RAW DATA below:

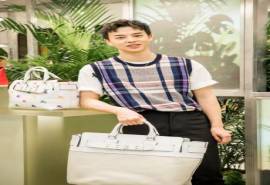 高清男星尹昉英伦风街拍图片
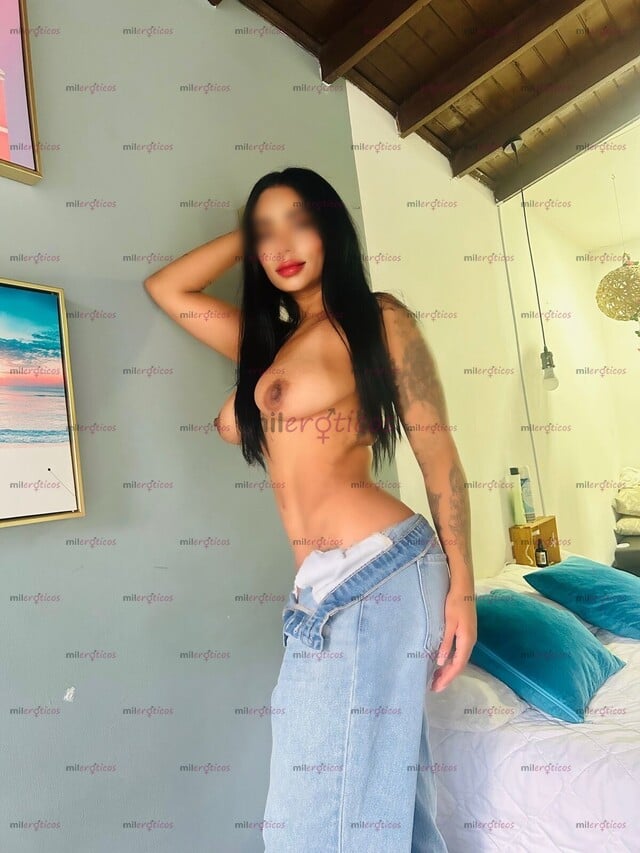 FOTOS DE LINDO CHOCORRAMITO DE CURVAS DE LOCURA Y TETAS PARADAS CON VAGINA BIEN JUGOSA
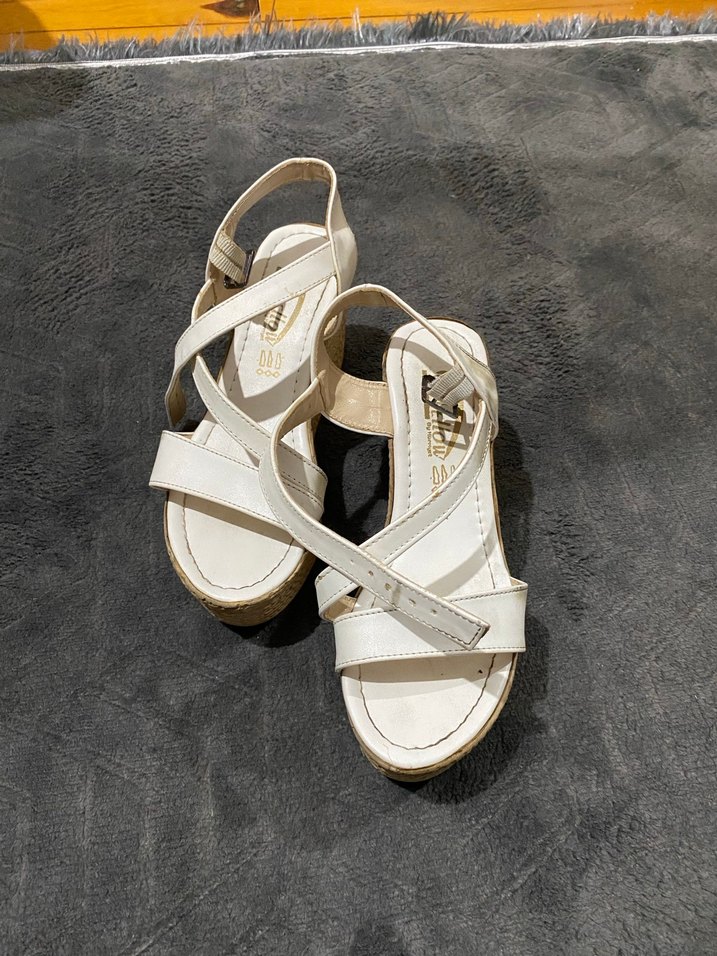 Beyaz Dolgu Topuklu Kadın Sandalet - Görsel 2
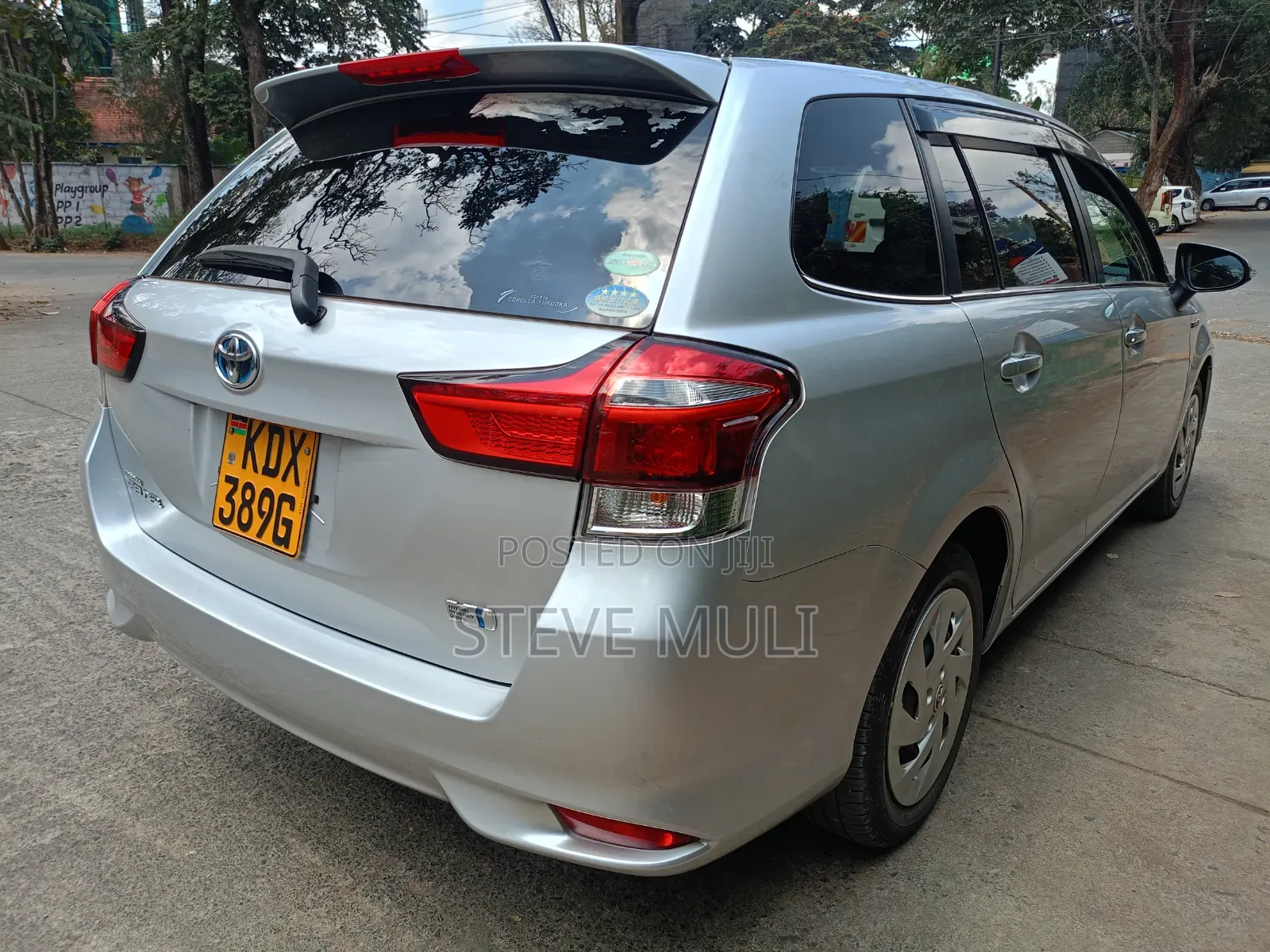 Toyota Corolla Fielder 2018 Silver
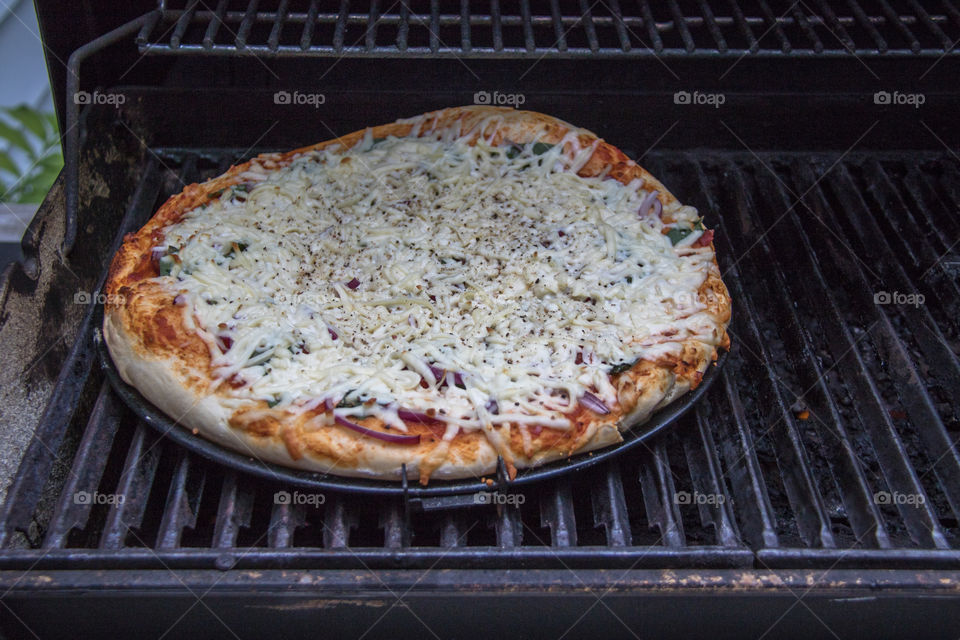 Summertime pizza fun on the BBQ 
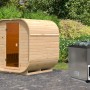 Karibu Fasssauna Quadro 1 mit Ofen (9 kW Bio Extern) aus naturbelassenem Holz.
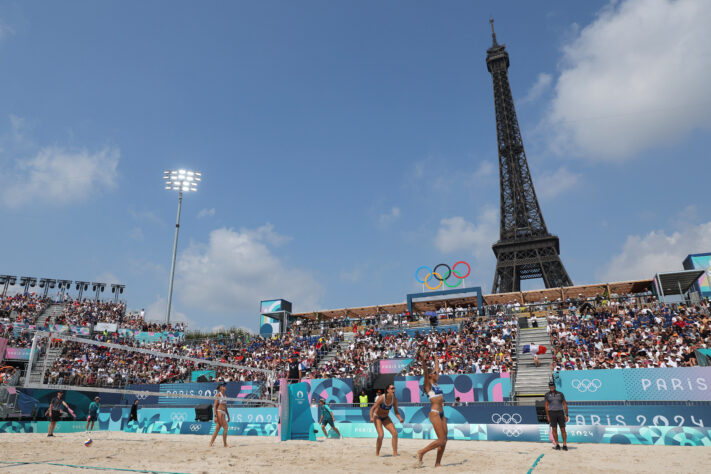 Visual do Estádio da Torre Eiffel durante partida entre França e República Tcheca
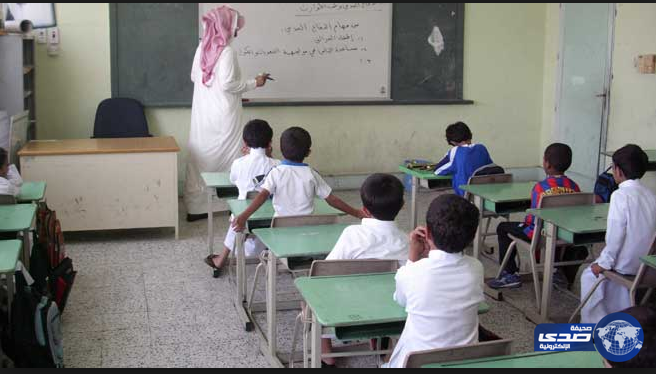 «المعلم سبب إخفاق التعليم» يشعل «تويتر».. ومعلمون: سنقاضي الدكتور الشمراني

End of RAW DATA.

EXERCISE PROMPT:
The lines to retype run from the one containing "Summertime pizza fun on the BBQ" through the last line of the records above; write them exactly and skip the pictures.

PROBLEM SOLUTION:
 Summertime pizza fun on the BBQ 
 Karibu Fasssauna Quadro 1 mit Ofen (9 kW Bio Extern) aus naturbelassenem Holz.
 Visual do Estádio da Torre Eiffel durante partida entre França e República Tcheca
 «المعلم سبب إخفاق التعليم» يشعل «تويتر».. ومعلمون: سنقاضي الدكتور الشمراني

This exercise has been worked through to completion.